## WORK INSTRUCTIONS
The data below contains pictures, which are to be skipped; the lines starting at the line with "Плата цифрового усилителя" and ending at the line with "Cheap MARIE SIXTINE" are to be output exactly, both ends included.

## RECORDS FOR PROCESSING
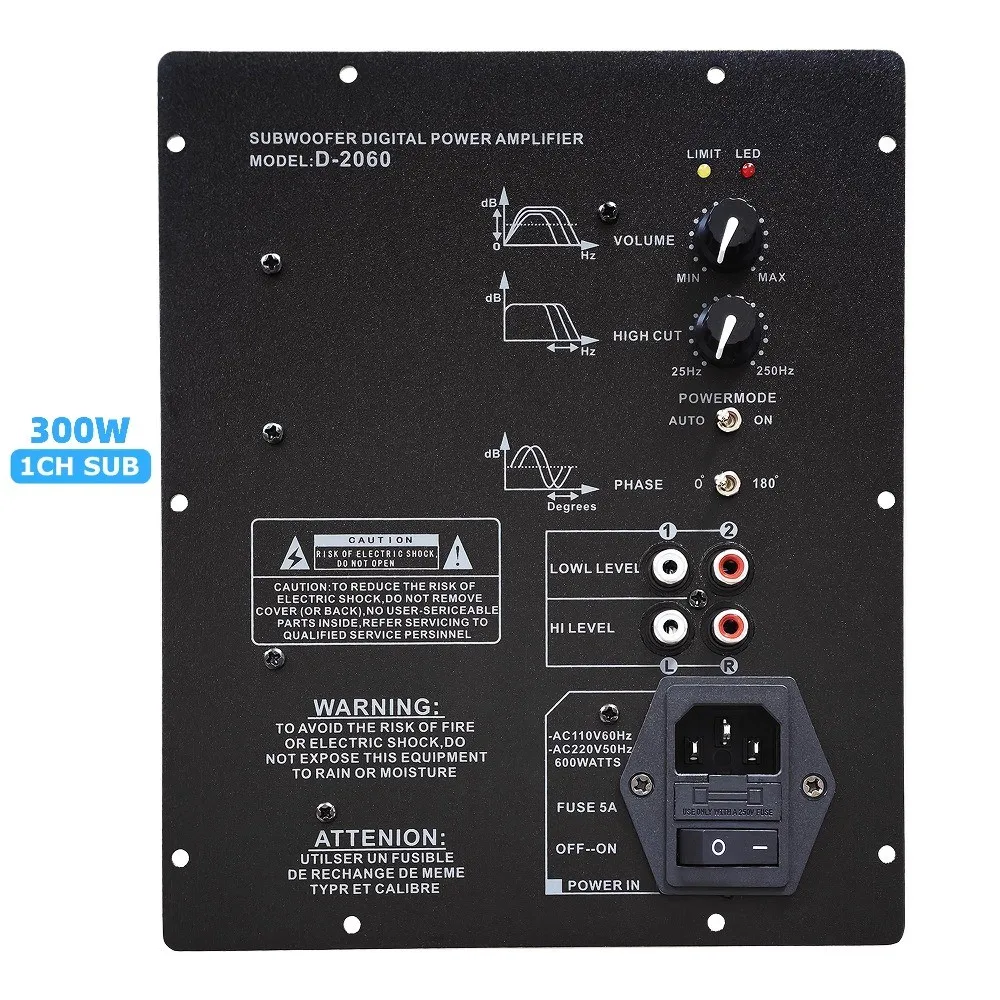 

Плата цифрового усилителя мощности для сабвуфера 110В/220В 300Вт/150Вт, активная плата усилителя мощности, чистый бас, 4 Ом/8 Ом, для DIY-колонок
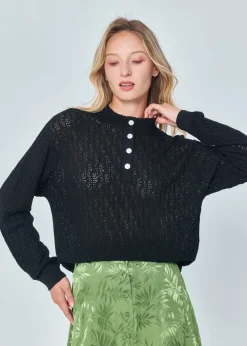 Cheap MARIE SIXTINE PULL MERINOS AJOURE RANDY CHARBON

==

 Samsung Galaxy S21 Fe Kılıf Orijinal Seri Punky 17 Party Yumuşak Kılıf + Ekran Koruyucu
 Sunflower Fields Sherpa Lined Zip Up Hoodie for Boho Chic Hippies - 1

## EXERCISE ANSWER
Плата цифрового усилителя мощности для сабвуфера 110В/220В 300Вт/150Вт, активная плата усилителя мощности, чистый бас, 4 Ом/8 Ом, для DIY-колонок
 Cheap MARIE SIXTINE PULL MERINOS AJOURE RANDY CHARBON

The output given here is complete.